Der von der Antragstellerin beantragte Dusch-WC-Aufsatz ist erforderlich, um ihre Behinderung auszugleichen. Die Versorgung mit dem Dusch-WC-Aufsatz ist zur Sicherung ihrer Grundbedürfnisse notwendig. Zu diesen zählt auch das Ausscheiden mit den dazu gehörigen Reinigungen (vgl BSG 29.4.2010 – B 3 KR 5/09 R Rn 12). Die Erforderlichkeit des Dusch-WC-Aufsatzes ergibt sich mittelbar aus der Stellungnahme des MDK, der die Notwendigkeit des Hilfsmittels nur deshalb verneint hat, weil die Reinigung des Intimbereichs bei der Antragstellerin durch die vorhandenen Pflegekräfte erfolgen könne und der hierfür anfallende Zeitaufwand bei der Ermittlung des Pflegebedarfs nach dem SGB XI berücksichtigt worden sei. Diese Argumentation des MDK, der sich die Antragsgegnerin und das SG angeschlossen haben, ist unzutreffend, weil sie den Grundprinzipien des Neunten Buchs Sozialgesetzbuch (SGB IX) zuwiderläuft.

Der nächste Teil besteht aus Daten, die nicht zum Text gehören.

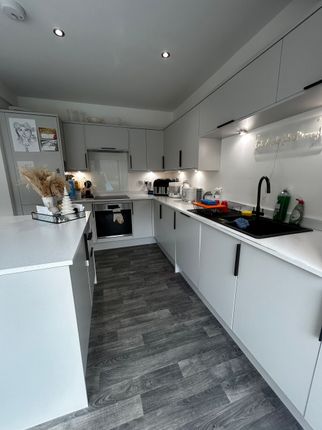 113 Kinder Avenue, Huddersfield photo 3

Nach § 1 Satz 1 SGB IX dienen die Leistungen an behinderte Menschen dazu, deren Selbstbestimmung zu fördern. Zur Verwirklichung dieses Ziel muss dem behinderten Menschen vorrangig dafür Hilfestellung geleistet werden, um die Reinigung des Intimbereichs selbst ohne Mithilfe anderer Personen durchzuführen, sofern und soweit ihm dies möglich ist. Ein Verweis auf die mögliche Reinigung des Intimbereichs durch Pflegepersonen würde bei einer solchen Fallkonstellation auch gegen die verfassungsrechtlich geschützte Würde der Antragstellerin als behinderter Mensch verstoßen (Art 1 Abs. 1 Grundgesetz; vgl. BSG 12.08.2009 – B 3 KR 8/08 R, […], Rn 18 f).

Bei dem von der Antragstellerin beantragten Hilfsmittel handelt es sich nicht um einen Gebrauchsgegenstand des täglichen Lebens. Auch ist die Versorgung nicht nach § 34 Abs. 4 SGB V ausgeschlossen. Die Antragstellerin hat Anspruch auf Ersatzbeschaffung des Dusch-WC-Aufsatzes, weil die Reparatur des vorhandenen Geräts nicht in Betracht kommt. Denn diese ist unwirtschaftlich, wie sich aus dem Angebot der Firma S Reha GmbH vom Juli 2010 ergibt. Ob sich hinsichtlich der Voraussetzungen der der Antragstellerin zuerkannten Pflegestufe nach dem SGB XI eine wesentliche Änderung i.S.d. § 48 Zehntes Buch Sozialgesetzbuch (SGB X) ergeben haben wird, wenn sie mit dem begehrten Hilfsmittel versorgt sein wird, ist nicht Gegenstand des vorliegenden Verfahrens.

Der erforderliche Anordnungsgrund ist gegeben, weil es der Antragstellerin nicht zuzumuten ist, bis zum Abschluss des Verwaltungsverfahrens und eines etwaigen Widerspruchs- und Klageverfahrens abzuwarten, bis sie mit dem begehrten Hilfsmittel versorgt wird. Sie ist nicht in der Lage, die Kosten des Hilfsmittels selbst aufzubringen.

Die Kostenentscheidung ergeht in entsprechender Anwendung des § 193 SGG.

Da die Beschwerde Erfolg hat, sieht der Senat – im Interesse der Beschleunigung des Verfahrens – von einer vorherigen Entscheidung über den Antrag der Antragstellerin auf Prozesskostenhilfe (PKH) für das Beschwerdeverfahren ab. Der Antrag auf PKH hat sich durch die zusprechende Beschwerdeentscheidung erledigt.